Dear clients and cooperation partners,

Belarusian healthcare legislation is currently undergoing substantial changes. The reform primarily concerns circulation of pharmaceuticals but also touches upon other issues in the field of medicine and healthcare. The ongoing changes may be interesting for both patients and the business community.

Below we offer a review of some changes to key legal acts.


Amendments implemented on 17 November 2014 enter into force on 21 May 2015.

  • In the course of registration the applicant must indicate the maximum sale price of a pharmaceutical. The declared price should be comparable to the sales price in the country of manufacture, in member countries of the Eurasian Economic Union and other countries neighboring Belarus (if the pharmaceutical is registered there). The declared price is included in a registration certificate. Exceeding the declared price in a supply contract could lead to suspension of the registration certificate.
  • The possibility to obtain an indefinite registration certificate is envisaged: for a pharmaceutical registered for the first time a registration certificate is issued for five years. Upon expiration of this term the applicant may undergo confirmation of registration and obtain an indefinite certificate.
  • Pharmaceuticals intended only for industrial manufacture for export no longer require state registration.
  • The notion of a system of pharmacovigilance is introduced. This is defined as a set of activities that involve detecting changes in the benefit-risk ratio of pharmaceuticals and minimizing adverse consequences from their usage. Manufacturers of pharmaceuticals will have to ensure organization and functioning of a pharmacovigilance system according to the requirements of Good Pharmacovigilance Practice adopted by the Ministry of Healthcare.
  • The list of cases allowing out-of-pharmacies retail trade of pharmaceuticals is extended: sale of pharmaceuticals in international thematic exhibitions plus international sports and cultural events will be permissible.
  • New terms are introduced, such as “international nonproprietary name of a pharmaceutical”, “biological pharmaceutical”, “orphan pharmaceutical”.

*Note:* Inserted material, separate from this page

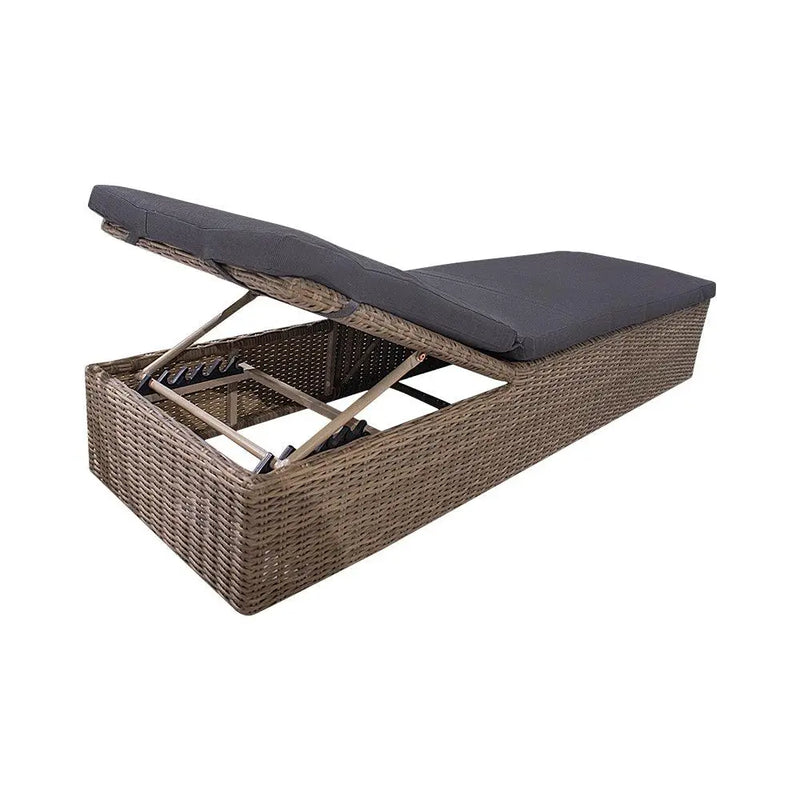 Cargue la imagen en el visor de la galería, Camastro para interior o exterior AFRICA-CAMA2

Amendments implemented on 16 June 2014 enter into force on 27 December 2014.

  • The list of persons who may be provided with data constituting a medical secret without the patient’s consent is extended. These persons include, in particular, insurance companies, local military authorities (in the case of call-up to military service) and employers (in the case of an accident investigation from manufacturing or an occupational disease).
  • The notions of Official list of medical devices and Official list of pharmaceuticals are introduced – these are lists of medical devices and pharmaceuticals which comply with safety, effectiveness, and quality requirements and which are most economically expedient for the purpose of using state funds allocated for healthcare. Drafting and annual renewal of the lists is the task of the Ministry of Healthcare.
  • The right of a doctor to abstain from performing an abortion is introduced: this right may be exercised when abstention does not endanger the life and (or) health of a woman. The head of the healthcare institution must arrange an abortion by another doctor.


  • Ministry of Healthcare Regulation No. 66, which entered into force on 19 October 2014, changed the framework of the pharmaceuticals retail trade. In the case of full-price sale of pharmaceuticals, doctor’s prescriptions are taken from the patient and stored in the pharmacy during established terms of storage. Additionally, doctors must issue prescriptions taking into account not only the patient’s diagnosis, age, and so on, but also the price affordability of the pharmaceutical.
  • On 27 August 2014 the Belarus Council of Ministers adopted a Regulation on the Ministry of Healthcare joining the Pharmaceutical Inspection Co-operation Scheme – Association de Droit Suisse.
  • On 27 December 2014 Belarus Council of Ministers Regulation No. 1120 enters into force, establishing a procedure for registration of biomedical cell products. Biomedical cell products are defined as transplantation material based on human cells (except for embryonic, genetically modified and certain other human cells).
  • Currently expected: adoption of a range of legal acts aimed at realizing the changes and ensuring compliance of existing legislation with updates of legal acts.